Tiara Aliya Azzahra - detikNews
Minggu, 05 Apr 2020 18:38 WIB
Titi Anggraini
Direktur Eksekutif Perludem Titi Anggraini (Foto: Ari Saputra)
Jakarta -

Perkumpulan Untuk Pemilu dan Demokrasi (Perludem) mengusulkan penyelenggaraan Pilkada Serentak ditunda hingga Juni 2021. Menurutnya, ini merupakan cara efektif dalam menyikapi penundaan tahapan pilkada karena pandemi virus Corona.

Titi mengakui usulan ini didapat dari hasil penghitungan anggaran dan teknis pemilu yang telah dilakukan Perludem. Ia menyimpulkan bahwa pilkada paling mungkin dilaksanakan pada pertengahan 2021 mendatang.

"Penyelenggaraan pilkada ini setelah pertengahan 2021. Jadi dari kalkulasi logis anggaran, teknis, dan sebagainya kami menghitung bahwa pilkada itu paling mungkin setelah Juni 2021," kata Direktur Eksekutif Perludem Titi Anggaini dalam diskusi daring bertajuk 'Perspektif Penyelenggaraan Pemilu di Daerah', Minggu (5/4/2020).

Bagi kepala daerah yang masa tugasnya berakhir pada Februari 2021, Titi menyarankan agar proses pemilu dapat digabungkan dengan penyelenggaraan pemilu yang masa jabatan kepala daerahnya berakhir pada Juli 2022 mendatang. Hal ini bertujuan untuk menghindari terjadinya kekacauan elektoral dalam pemilu.

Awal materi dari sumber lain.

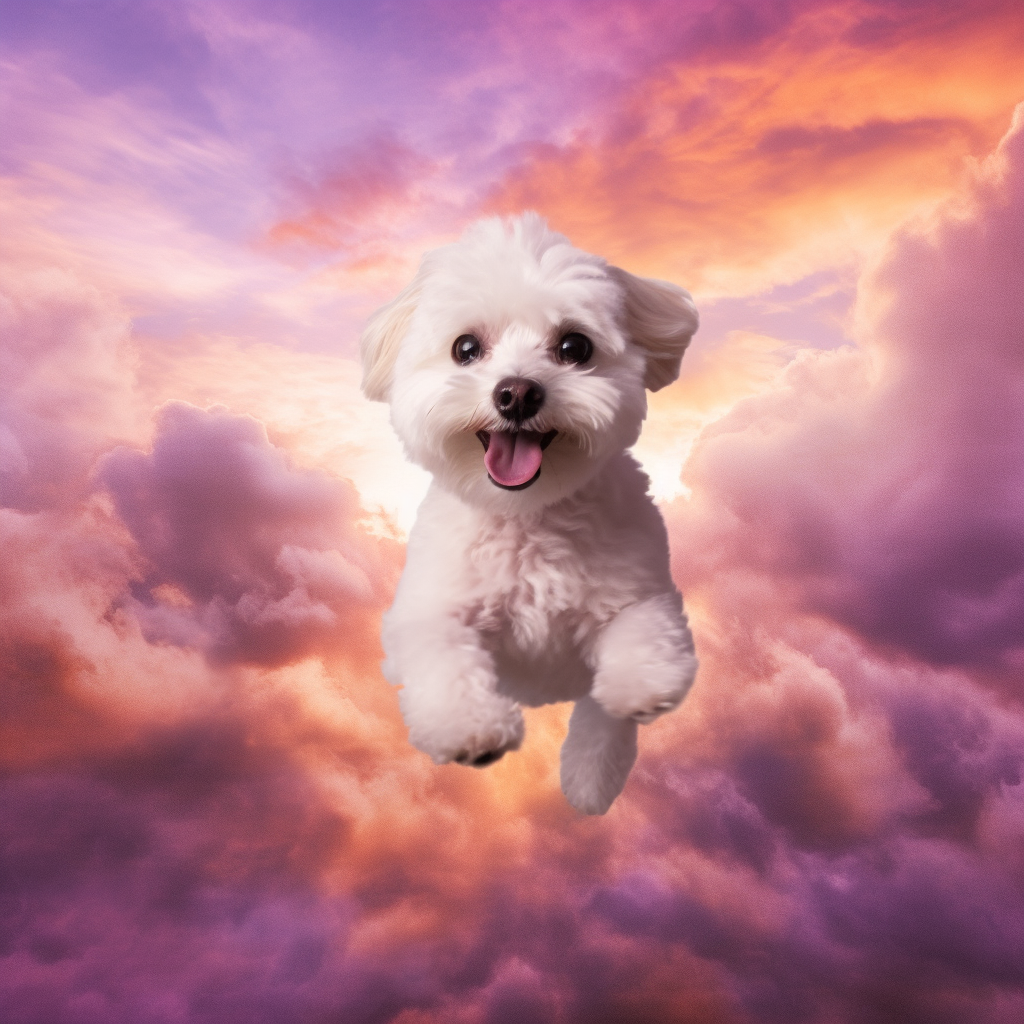 Adorable Maltipoo flying in a purple sky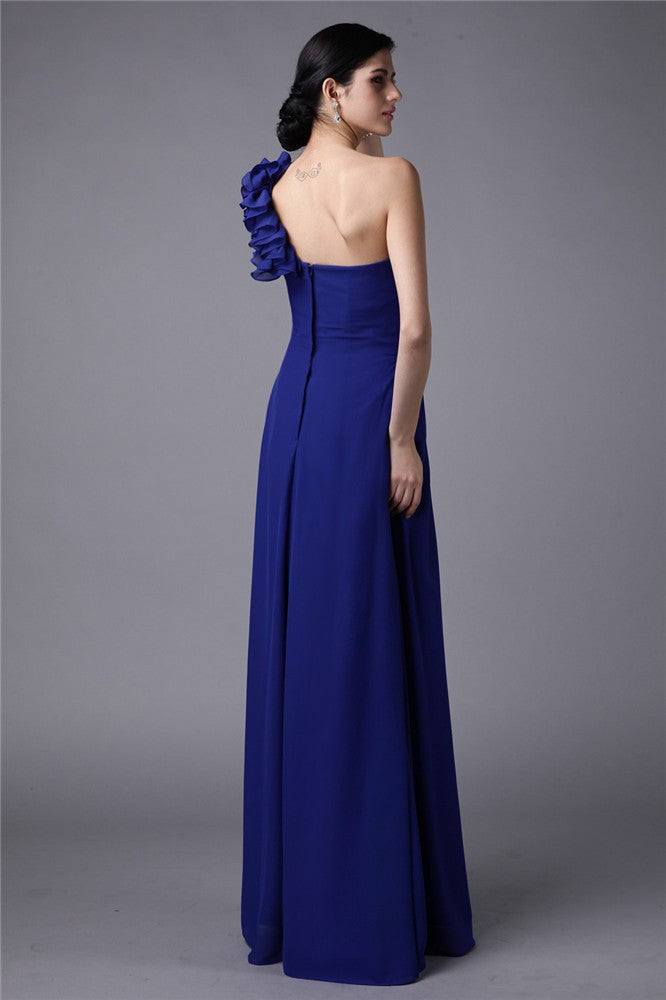 Classy Sleeveless One Shoulders Pleats Long Chiffon Bridesmaid Dresses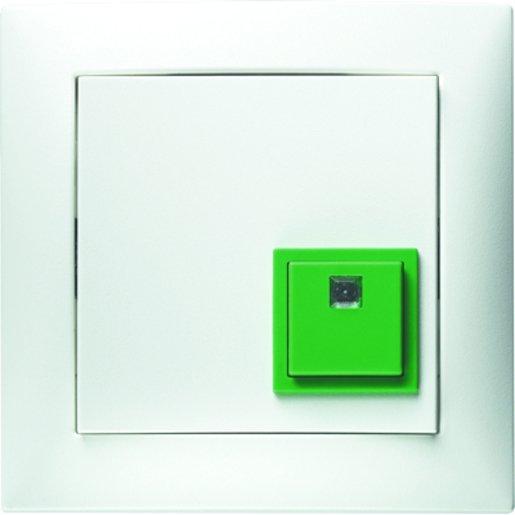 Abstelltaster mit Rahmen S.1 polarweiß glänzend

"Maka untuk mengatasi agar tidak terjadi kekacauan elektoral dengan desain awal bahwa Pilkada ini 2024, kami usulkan agar pilkada pasca penundaan itu juga dilaksanakan di 270 daerah ini digabungkan pula dengan daerah-daerah yang masa jabatan kepala daerah nya berakhir pada Juli 2022," ujarnya.

Menyikapi hal ini, baik KPU dan Bawaslu tidak perlu mengkhawatirkan terjadinya kekosongan jabatan kepala daerah. Berdasarkan Undang-Undang Nomor 10 Tahun 2016, kekosongan ini bisa digantikan oleh pejabat daerah tingkat pratama dan madya. Namun, Titi menegaskan bahwa proses pergantian ini harus diawasi dengan baik.

"Kalau soal pengisian jabatan, kalau pilkadanya setelah Februari, padahal mayoritas akhir masa jabatannya 2021 adalah di bulan Februari itu tidak perlu di dalam Perppu, karena pasal 201 ayat 9 dan 10 (UU Nomor 10 Tahun 2016) itu sudah mengatur soal pengisian penjabat dalam situasi kekosongan posisi bupati, gubernur, dan walikota di mana pejabat pratama dan madya yang kemudian akan mengisi," jelasnya.

"Hanya saja memang harus dipastikan, dikawal jangan sampai pengisian jabatan ini menimbulkan spekulasi kontroversi baru seperti tahun 2018 di mana perwira polisi yang sedang diperbantukan oleh institusi tertentu lalu diplot mengisi jabatan tersebut," sambungnya.